Before this world, the story begins, there was a world in the sky. Beneath it lay only water, crowded with the animals who swim and dive. In the tellings of the Haudenosaunee, the Six Nations confederacy of the Mohawk, Oneida, Onondaga, Cayuga, Seneca, and Tuscarora, the earth we stand on begins with a fall. A woman of the Sky World tumbles through a hole opened where a great tree was uprooted, and falls toward the endless sea.

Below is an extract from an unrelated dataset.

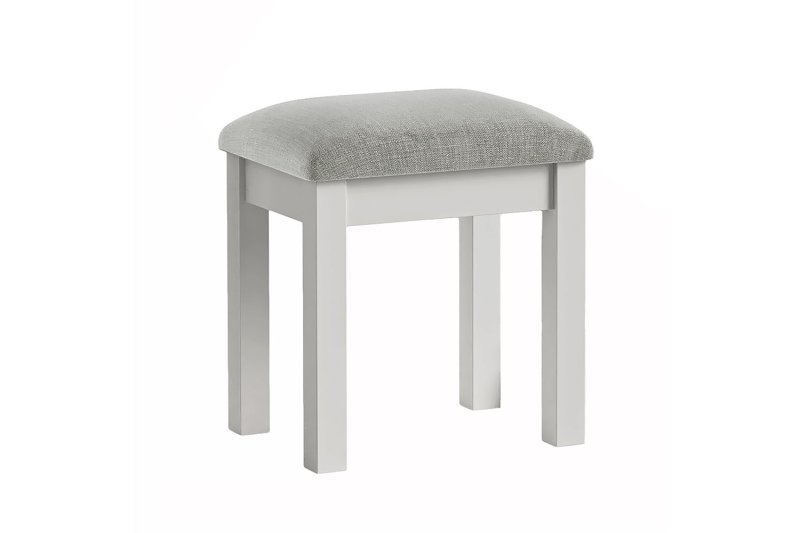 Burgundy Painted Light Grey Dressing Table Stool Burgundy Painted Light Grey Dressing Table Stool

She does not fall alone. The waterfowl see her and rise together, catching her on their joined wings. But there is nowhere to set her down, until the great turtle offers his back. Then the diving animals attempt what the story remembers as the costliest errand in the world: swimming to the bottom of the sea for a little soil. One after another fails and floats up drowned or breathless. In various tellings it is the beaver, the otter, the loon. At last the smallest, the muskrat, comes up barely alive with a few grains of mud in his paw. Spread on the turtle’s shell, the mud begins to grow. It grows into the world. In many tellings Sky Woman, or her daughter, then walks the new earth in widening circles, and from her come the plants and the peoples. North America keeps, in many Indigenous communities to this day, the name the story gave it: Turtle Island.
The record, honestly
This entry rests on two unusual sources. The first is early and Indigenous. David Cusick, a Tuscarora writer, published his Sketches of Ancient History of the Six Nations in 1827, one of the first accounts of the tradition set down by one of its own people. The second is deep and careful. J. N. B. Hewitt, himself of Tuscarora descent, working for the Bureau of American Ethnology, recorded Onondaga, Seneca, and Mohawk tellings in the original languages with interlinear translation (1903). As with all living traditions in this wing: the versions differ among nations and tellers by design, the tradition remains the property of the Haudenosaunee, and this entry gives only the published outline.
The library’s hand
Two things distinguish this beginning among the doors of the wing. First, creation here is cooperative and costly. The world exists because many small animals tried, one drowned diver at a time, and the least of them succeeded. There is no solitary omnipotence in the story at all. Second, it belongs to the earth-diver family, the most widespread creation-motif on the planet, told from Siberia to the Balkans to these woodlands (the Slavic door opens on another branch of it). Two continents, one image: the world begins with someone willing to dive.